The string class, as far as I know, doesn't provide any methods to remove leading and trailing spaces.

To add to the problem, how to extend this formatting to process extra spaces between words of the string. For example,

// Original string: "          This       is         a sample   string    " 
// Desired string:  "This is a sample string"  

Using the string methods mentioned in the solution, I can think of doing these operations in two steps.

1. Remove leading and trailing spaces.

2. Use find_first_of, find_last_of, find_first_not_of, find_last_not_of and substr, repeatedly at word boundaries to get desired formatting.

This is called trimming. If you can use Boost, I'd recommend it.

Otherwise, use find_first_not_of to get the index of the first non-whitespace character, then find_last_not_of to get the index from the end that isn't whitespace. With these, use substr to get the sub-string with no surrounding whitespace.

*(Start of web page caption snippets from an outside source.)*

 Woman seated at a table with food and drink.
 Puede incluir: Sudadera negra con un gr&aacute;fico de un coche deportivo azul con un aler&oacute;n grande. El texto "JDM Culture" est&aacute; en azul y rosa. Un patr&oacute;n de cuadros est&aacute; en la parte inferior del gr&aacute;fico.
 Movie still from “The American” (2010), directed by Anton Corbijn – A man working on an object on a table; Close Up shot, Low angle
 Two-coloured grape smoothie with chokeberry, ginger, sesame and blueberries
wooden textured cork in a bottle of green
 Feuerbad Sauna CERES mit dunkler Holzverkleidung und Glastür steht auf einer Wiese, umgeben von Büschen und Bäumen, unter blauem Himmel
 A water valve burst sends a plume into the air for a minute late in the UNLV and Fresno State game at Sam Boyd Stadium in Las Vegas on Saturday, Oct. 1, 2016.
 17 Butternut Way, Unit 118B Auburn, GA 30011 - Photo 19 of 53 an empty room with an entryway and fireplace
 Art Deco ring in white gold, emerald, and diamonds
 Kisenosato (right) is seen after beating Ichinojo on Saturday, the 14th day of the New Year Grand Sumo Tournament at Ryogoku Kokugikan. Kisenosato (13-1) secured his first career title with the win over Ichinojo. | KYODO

In response to your edit, I don't know the term but I'd guess something along the lines of "reduce", so that's what I called it. :) (Note, I've changed the white-space to be a parameter, for flexibility)

#include <iostream>
#include <string>

std::string trim(const std::string& str,
                 const std::string& whitespace = " \t")
{
    const auto strBegin = str.find_first_not_of(whitespace);
    if (strBegin == std::string::npos)
        return ""; // no content

    const auto strEnd = str.find_last_not_of(whitespace);
    const auto strRange = strEnd - strBegin + 1;

    return str.substr(strBegin, strRange);
}

std::string reduce(const std::string& str,
                   const std::string& fill = " ",
                   const std::string& whitespace = " \t")
{
    // trim first
    auto result = trim(str, whitespace);

    // replace sub ranges
    auto beginSpace = result.find_first_of(whitespace);
    while (beginSpace != std::string::npos)
    {
        const auto endSpace = result.find_first_not_of(whitespace, beginSpace);
        const auto range = endSpace - beginSpace;

        result.replace(beginSpace, range, fill);

        const auto newStart = beginSpace + fill.length();
        beginSpace = result.find_first_of(whitespace, newStart);
    }

    return result;
}

int main(void)
{
    const std::string foo = "    too much\t   \tspace\t\t\t  ";
    const std::string bar = "one\ntwo";

    std::cout << "[" << trim(foo) << "]" << std::endl;
    std::cout << "[" << reduce(foo) << "]" << std::endl;
    std::cout << "[" << reduce(foo, "-") << "]" << std::endl;

    std::cout << "[" << trim(bar) << "]" << std::endl;
}

Result:

[too much               space]  
[too much space]  
[too-much-space]  
[one  
two]  

Easy removing leading, trailing and extra spaces from a std::string in one line

value = std::regex_replace(value, std::regex("^ +| +$|( ) +"), "$1");

removing only leading spaces

value.erase(value.begin(), std::find_if(value.begin(), value.end(), std::bind1st(std::not_equal_to<char>(), ' ')));

or

value = std::regex_replace(value, std::regex("^ +"), "");

removing only trailing spaces

value.erase(std::find_if(value.rbegin(), value.rend(), std::bind1st(std::not_equal_to<char>(), ' ')).base(), value.end());

or

value = std::regex_replace(value, std::regex(" +$"), "");

removing only extra spaces

value = regex_replace(value, std::regex(" +"), " ");

I am currently using these functions:

// trim from left
inline std::string& ltrim(std::string& s, const char* t = " \t\n\r\f\v")
{
	s.erase(0, s.find_first_not_of(t));
	return s;
}

// trim from right
inline std::string& rtrim(std::string& s, const char* t = " \t\n\r\f\v")
{
	s.erase(s.find_last_not_of(t) + 1);
	return s;
}

// trim from left & right
inline std::string& trim(std::string& s, const char* t = " \t\n\r\f\v")
{
	return ltrim(rtrim(s, t), t);
}

// copying versions

inline std::string ltrim_copy(std::string s, const char* t = " \t\n\r\f\v")
{
	return ltrim(s, t);
}

inline std::string rtrim_copy(std::string s, const char* t = " \t\n\r\f\v")
{
	return rtrim(s, t);
}

inline std::string trim_copy(std::string s, const char* t = " \t\n\r\f\v")
{
	return trim(s, t);
}

Boost string trim algorithm

#include <boost/algorithm/string/trim.hpp>

[...]

std::string msg = "   some text  with spaces  ";
boost::algorithm::trim(msg);

This is my solution for stripping the leading and trailing spaces ...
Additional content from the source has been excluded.